Because mediocre educational achievements and even below that are not necessarily an indication of the existence of a learning disability (David, Hana, 2010), according to the Ministry of Education, a student will be referred for diagnosis if, after locating and implementing an educational intervention by the school, he is still (Ministry of Education, executive circular "L 5564/4, b) :
- The difficulties in his academic performance continue despite the assistance he received in the area where his difficulties were identified.
- His progress following the educational intervention is only slight.
- The difficulties in his academic performance are particularly serious and the gap between him and the students of the class does not decrease and sometimes even increases.
Children with learning disabilities are sometimes incorrectly diagnosed as having mental problems or behavioral disorders because an appropriate diagnosis is not made (Spector Noya, 2005). Therefore, the diagnosis must be adapted to the nature of the reported difficulties, and must be carried out individually (Ministry of Education, Director General's circular 5564/4, b).
In addition, in order to obtain a complete picture in the diagnosis, the diagnostician must create good rapport with the diagnosed person (Shi-Karin, Nofer, 2009). For parents who sent their child for diagnosis, a good sign regarding the diagnostician is when the child willingly goes to the next appointment (Shi-Karin, Nofer , 2009).
At the end of the diagnosis, the diagnostician must summarize the findings in writing, so that the written report will be understandable for every person (whether he is a parent, teacher, integration teacher, occupational therapist, neurologist, clinical psychologist, etc.) 2009).
The goals of the diagnosis
There are two tender goals for diagnosing learning disabilities:
- The first is receiving eligibility for assistance and adjustments from official bodies such as the Ministry of Education, by establishing an official diagnosis from a professional authorized for this according to the law. Currently, for this purpose, a psychodidactic diagnosis is valid for 5 years and a didactic diagnosis is valid for 3 years. 7, takes up to the age of 25. That is: even in academic studies.

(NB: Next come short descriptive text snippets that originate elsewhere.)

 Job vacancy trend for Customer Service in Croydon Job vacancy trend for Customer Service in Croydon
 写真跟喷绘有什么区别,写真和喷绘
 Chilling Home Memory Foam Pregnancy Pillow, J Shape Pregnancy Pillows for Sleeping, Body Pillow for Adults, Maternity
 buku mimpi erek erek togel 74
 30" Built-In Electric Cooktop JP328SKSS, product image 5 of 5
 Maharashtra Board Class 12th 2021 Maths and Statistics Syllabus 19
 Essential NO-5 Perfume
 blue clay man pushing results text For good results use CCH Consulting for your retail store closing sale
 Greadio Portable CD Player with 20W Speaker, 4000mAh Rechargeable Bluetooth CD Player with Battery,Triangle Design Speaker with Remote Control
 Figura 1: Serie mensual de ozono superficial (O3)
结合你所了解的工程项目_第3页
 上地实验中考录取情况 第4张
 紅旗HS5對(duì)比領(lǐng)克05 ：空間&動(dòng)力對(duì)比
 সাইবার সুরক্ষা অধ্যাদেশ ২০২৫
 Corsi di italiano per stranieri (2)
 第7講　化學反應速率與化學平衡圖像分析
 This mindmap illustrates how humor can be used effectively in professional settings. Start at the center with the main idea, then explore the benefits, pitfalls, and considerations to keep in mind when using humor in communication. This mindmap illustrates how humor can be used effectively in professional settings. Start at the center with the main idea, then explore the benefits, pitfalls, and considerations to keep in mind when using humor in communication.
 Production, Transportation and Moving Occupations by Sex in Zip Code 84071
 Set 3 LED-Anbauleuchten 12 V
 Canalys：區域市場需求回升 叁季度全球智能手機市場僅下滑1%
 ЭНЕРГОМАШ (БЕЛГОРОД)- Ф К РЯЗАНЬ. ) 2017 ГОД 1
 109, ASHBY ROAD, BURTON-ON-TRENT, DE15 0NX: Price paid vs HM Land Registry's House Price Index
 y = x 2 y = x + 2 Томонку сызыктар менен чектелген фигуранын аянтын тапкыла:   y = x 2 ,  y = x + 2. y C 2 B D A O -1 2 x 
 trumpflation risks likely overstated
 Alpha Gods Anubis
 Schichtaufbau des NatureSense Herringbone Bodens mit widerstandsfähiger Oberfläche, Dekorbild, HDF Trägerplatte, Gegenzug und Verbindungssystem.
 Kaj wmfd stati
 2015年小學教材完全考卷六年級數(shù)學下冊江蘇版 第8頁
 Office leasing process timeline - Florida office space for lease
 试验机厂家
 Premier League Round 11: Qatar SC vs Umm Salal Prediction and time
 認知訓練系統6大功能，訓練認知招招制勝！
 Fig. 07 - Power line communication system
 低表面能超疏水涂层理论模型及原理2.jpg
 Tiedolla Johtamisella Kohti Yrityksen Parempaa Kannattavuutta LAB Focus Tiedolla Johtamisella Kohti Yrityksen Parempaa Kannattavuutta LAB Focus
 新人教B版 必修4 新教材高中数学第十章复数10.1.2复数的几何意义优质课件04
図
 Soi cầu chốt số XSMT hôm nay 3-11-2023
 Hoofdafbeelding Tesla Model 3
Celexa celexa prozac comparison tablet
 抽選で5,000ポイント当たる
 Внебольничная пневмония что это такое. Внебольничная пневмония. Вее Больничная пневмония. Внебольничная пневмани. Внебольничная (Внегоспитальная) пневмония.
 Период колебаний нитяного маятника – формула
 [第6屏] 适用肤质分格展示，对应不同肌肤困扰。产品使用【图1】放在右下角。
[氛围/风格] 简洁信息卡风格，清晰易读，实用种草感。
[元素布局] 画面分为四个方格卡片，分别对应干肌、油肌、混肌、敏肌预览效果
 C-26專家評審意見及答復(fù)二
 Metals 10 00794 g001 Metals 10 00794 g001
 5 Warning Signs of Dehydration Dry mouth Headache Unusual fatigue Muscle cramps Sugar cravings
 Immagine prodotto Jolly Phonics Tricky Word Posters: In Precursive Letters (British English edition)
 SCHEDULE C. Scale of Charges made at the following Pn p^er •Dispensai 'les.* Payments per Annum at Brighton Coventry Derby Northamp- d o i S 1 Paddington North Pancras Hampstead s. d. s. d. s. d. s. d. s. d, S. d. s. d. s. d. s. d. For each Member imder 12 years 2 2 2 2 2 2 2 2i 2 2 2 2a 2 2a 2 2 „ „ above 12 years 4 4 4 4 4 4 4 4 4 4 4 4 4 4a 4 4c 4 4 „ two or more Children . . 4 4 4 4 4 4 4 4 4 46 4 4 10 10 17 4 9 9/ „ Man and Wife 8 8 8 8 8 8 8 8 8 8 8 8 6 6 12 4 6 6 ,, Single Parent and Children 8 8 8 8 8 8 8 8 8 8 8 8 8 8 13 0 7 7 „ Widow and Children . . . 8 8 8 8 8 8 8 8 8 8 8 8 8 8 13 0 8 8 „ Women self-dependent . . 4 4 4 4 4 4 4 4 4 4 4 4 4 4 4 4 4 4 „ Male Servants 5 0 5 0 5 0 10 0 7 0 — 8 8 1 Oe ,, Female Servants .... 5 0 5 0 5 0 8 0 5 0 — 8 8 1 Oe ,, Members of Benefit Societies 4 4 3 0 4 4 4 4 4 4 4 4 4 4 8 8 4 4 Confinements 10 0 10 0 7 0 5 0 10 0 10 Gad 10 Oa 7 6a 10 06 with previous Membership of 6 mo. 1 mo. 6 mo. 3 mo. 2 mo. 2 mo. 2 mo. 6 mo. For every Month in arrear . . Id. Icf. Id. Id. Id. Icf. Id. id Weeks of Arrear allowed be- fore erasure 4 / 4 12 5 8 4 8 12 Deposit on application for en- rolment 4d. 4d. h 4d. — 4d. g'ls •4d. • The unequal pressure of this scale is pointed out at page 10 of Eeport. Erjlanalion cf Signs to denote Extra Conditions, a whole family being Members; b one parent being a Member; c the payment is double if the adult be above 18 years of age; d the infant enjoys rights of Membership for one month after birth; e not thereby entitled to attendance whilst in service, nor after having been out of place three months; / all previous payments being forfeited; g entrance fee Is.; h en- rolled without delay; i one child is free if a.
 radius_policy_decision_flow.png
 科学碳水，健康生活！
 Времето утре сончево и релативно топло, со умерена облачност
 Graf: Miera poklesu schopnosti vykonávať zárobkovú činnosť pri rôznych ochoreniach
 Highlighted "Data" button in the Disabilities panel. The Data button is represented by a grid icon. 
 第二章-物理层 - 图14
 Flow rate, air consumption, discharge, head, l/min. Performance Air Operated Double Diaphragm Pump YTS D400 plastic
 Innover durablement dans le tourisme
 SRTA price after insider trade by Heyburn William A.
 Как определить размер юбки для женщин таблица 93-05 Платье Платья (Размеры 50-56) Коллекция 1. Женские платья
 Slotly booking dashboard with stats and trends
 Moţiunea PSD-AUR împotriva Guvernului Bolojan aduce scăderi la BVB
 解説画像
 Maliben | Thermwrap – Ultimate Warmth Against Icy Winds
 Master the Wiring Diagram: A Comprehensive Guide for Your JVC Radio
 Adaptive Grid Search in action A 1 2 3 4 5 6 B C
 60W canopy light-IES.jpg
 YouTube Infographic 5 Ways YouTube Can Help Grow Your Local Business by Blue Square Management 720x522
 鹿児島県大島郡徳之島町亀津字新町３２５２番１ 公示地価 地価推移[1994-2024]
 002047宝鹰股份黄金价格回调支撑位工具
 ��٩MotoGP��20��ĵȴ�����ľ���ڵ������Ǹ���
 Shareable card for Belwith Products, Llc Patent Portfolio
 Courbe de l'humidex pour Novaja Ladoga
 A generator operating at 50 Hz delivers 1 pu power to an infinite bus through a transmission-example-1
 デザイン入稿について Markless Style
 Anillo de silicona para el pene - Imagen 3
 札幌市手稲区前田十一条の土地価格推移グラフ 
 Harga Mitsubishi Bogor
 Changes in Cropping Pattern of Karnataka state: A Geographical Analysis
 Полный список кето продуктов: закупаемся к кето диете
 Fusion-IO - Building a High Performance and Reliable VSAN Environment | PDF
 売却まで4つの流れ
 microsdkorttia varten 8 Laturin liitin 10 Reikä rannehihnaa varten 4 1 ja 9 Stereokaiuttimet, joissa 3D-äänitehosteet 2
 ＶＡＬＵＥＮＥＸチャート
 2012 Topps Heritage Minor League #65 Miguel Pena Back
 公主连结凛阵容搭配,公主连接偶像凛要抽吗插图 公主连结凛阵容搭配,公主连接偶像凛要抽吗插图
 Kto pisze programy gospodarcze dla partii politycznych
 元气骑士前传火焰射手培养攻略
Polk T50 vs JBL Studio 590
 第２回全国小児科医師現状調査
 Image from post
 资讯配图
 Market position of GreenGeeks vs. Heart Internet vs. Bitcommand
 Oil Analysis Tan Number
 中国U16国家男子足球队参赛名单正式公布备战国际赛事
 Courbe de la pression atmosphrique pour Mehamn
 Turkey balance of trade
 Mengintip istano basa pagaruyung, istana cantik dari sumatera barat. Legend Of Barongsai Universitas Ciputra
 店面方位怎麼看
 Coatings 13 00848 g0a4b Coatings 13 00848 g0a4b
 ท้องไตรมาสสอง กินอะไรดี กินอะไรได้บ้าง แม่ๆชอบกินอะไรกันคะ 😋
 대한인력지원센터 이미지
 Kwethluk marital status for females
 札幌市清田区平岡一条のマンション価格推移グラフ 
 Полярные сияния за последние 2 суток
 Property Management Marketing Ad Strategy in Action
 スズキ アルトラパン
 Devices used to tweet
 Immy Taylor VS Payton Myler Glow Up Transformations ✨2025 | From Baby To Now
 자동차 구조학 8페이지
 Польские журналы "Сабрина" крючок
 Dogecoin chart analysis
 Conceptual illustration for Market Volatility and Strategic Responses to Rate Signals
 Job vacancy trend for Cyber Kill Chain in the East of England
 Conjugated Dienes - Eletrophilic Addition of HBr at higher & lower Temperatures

The second goal is mapping the difficulties and abilities for the purpose of building an appropriate work plan. Therefore, in addition to the diagnosis, the diagnosis report will detail the recommendations for effective ways of dealing with each case (Spector Noya, 2005). The diagnosis is only the first step in the treatment of learning disabilities and does not constitute a satisfactory solution in itself. However, due to the great variability that characterizes people with disabilities Learning (Ministry of Education, Director General's circular 5564/4, b)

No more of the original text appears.